-- Your task --
Pictures stay out of the copy. Retype exactly the lines below from the one with "(I-D), Uriel Antuna" through the one with "Klarus A3 2200".

-- Source information --
╔══

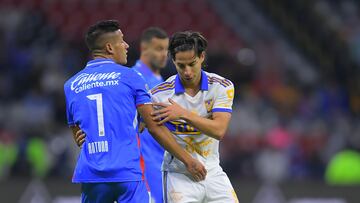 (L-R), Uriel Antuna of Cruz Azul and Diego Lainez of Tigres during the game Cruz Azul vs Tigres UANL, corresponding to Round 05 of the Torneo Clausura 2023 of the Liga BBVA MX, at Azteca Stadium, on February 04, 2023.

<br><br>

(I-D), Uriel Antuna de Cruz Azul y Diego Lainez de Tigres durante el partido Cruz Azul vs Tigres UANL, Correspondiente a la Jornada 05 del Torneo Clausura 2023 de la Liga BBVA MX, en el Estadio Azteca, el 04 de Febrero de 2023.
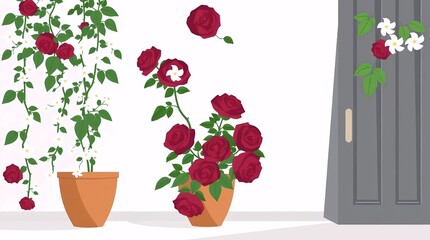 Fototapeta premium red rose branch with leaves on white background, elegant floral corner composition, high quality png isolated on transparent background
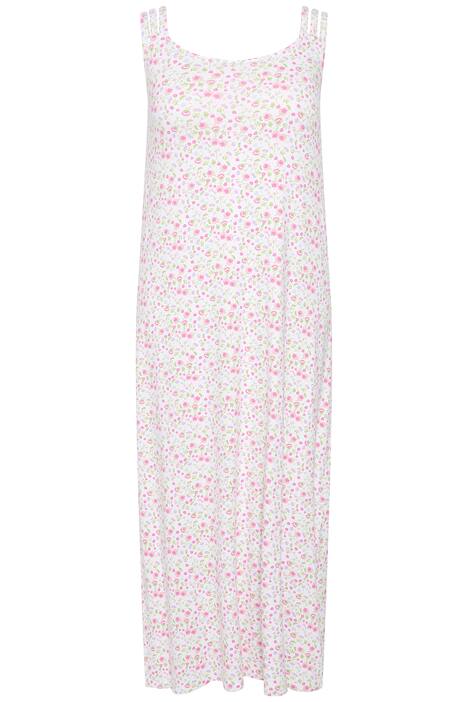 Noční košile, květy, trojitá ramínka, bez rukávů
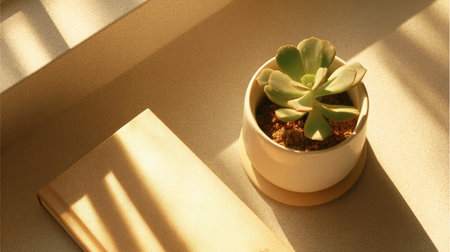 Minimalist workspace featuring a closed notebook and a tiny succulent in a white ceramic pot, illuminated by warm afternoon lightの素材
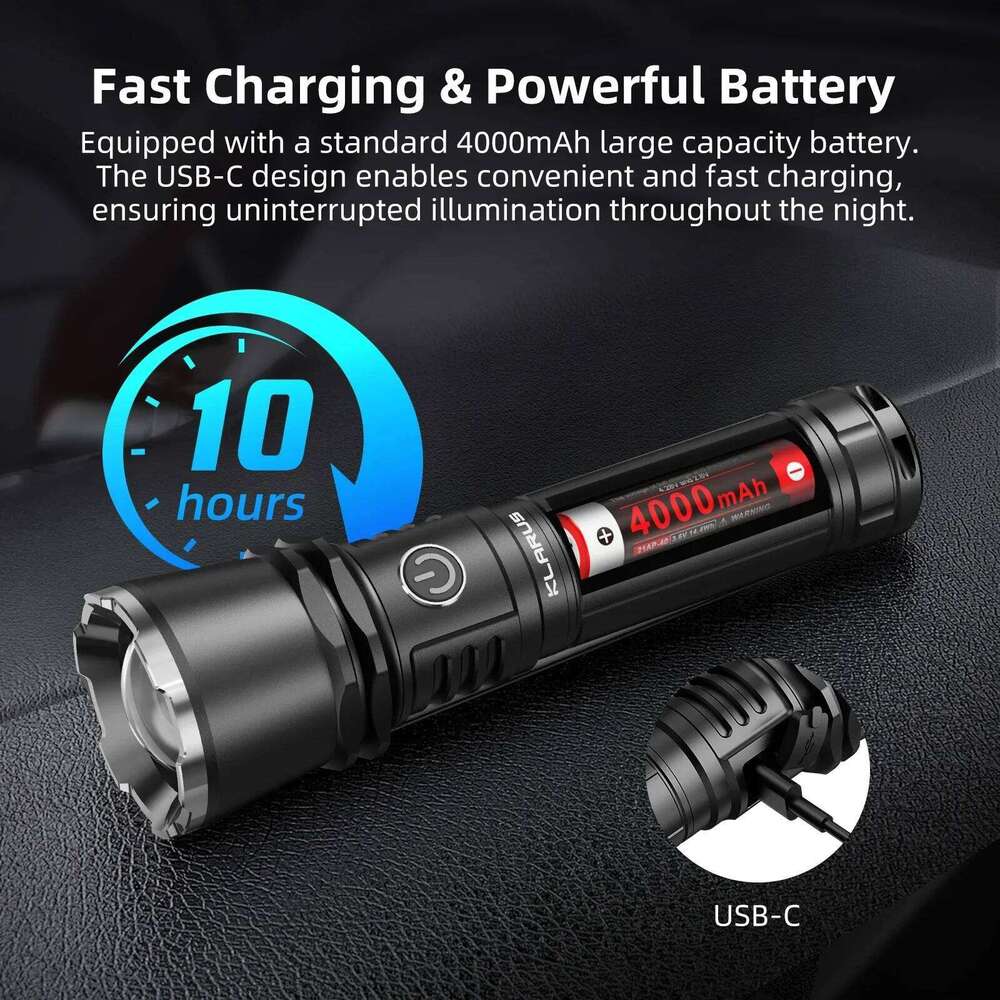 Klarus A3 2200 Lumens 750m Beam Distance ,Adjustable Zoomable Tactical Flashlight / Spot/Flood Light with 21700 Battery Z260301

╚══
╔══

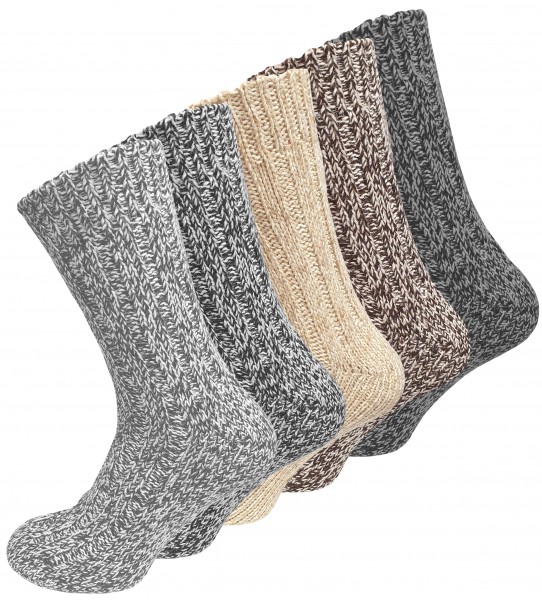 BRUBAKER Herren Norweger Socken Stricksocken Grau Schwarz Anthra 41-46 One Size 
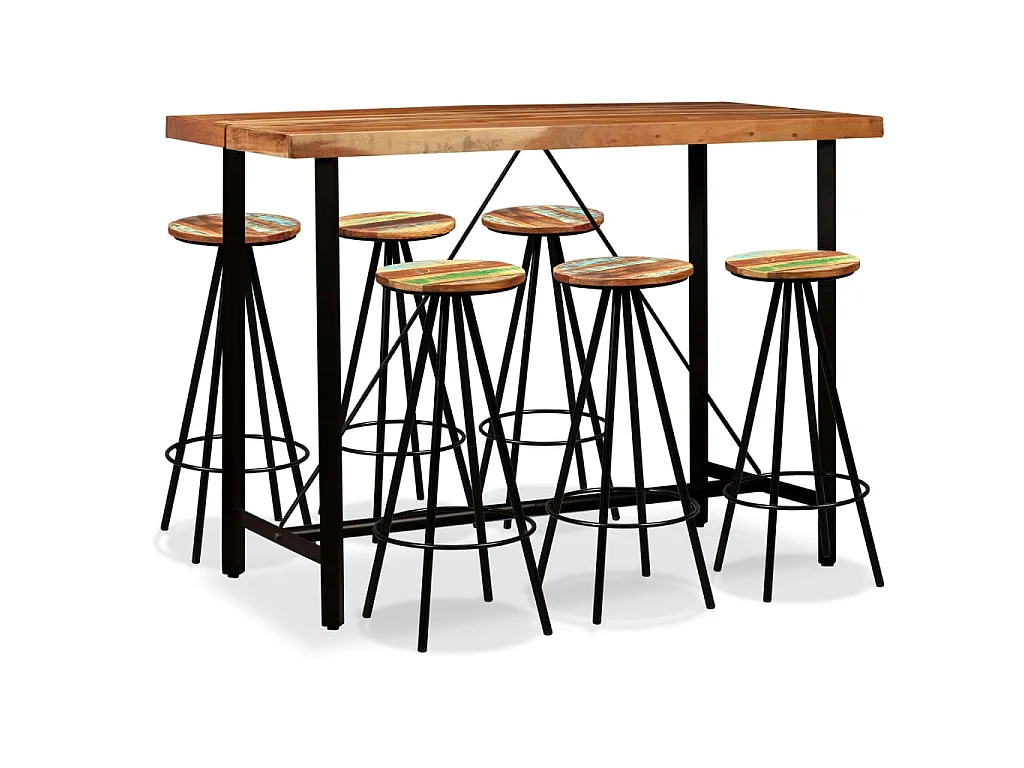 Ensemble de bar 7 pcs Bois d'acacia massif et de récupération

╚══

-- Written answer --
(I-D), Uriel Antuna de Cruz Azul y Diego Lainez de Tigres durante el partido Cruz Azul vs Tigres UANL, Correspondiente a la Jornada 05 del Torneo Clausura 2023 de la Liga BBVA MX, en el Estadio Azteca, el 04 de Febrero de 2023.
 Fototapeta premium red rose branch with leaves on white background, elegant floral corner composition, high quality png isolated on transparent background
 Noční košile, květy, trojitá ramínka, bez rukávů
 Minimalist workspace featuring a closed notebook and a tiny succulent in a white ceramic pot, illuminated by warm afternoon lightの素材
 Klarus A3 2200 Lumens 750m Beam Distance ,Adjustable Zoomable Tactical Flashlight / Spot/Flood Light with 21700 Battery Z260301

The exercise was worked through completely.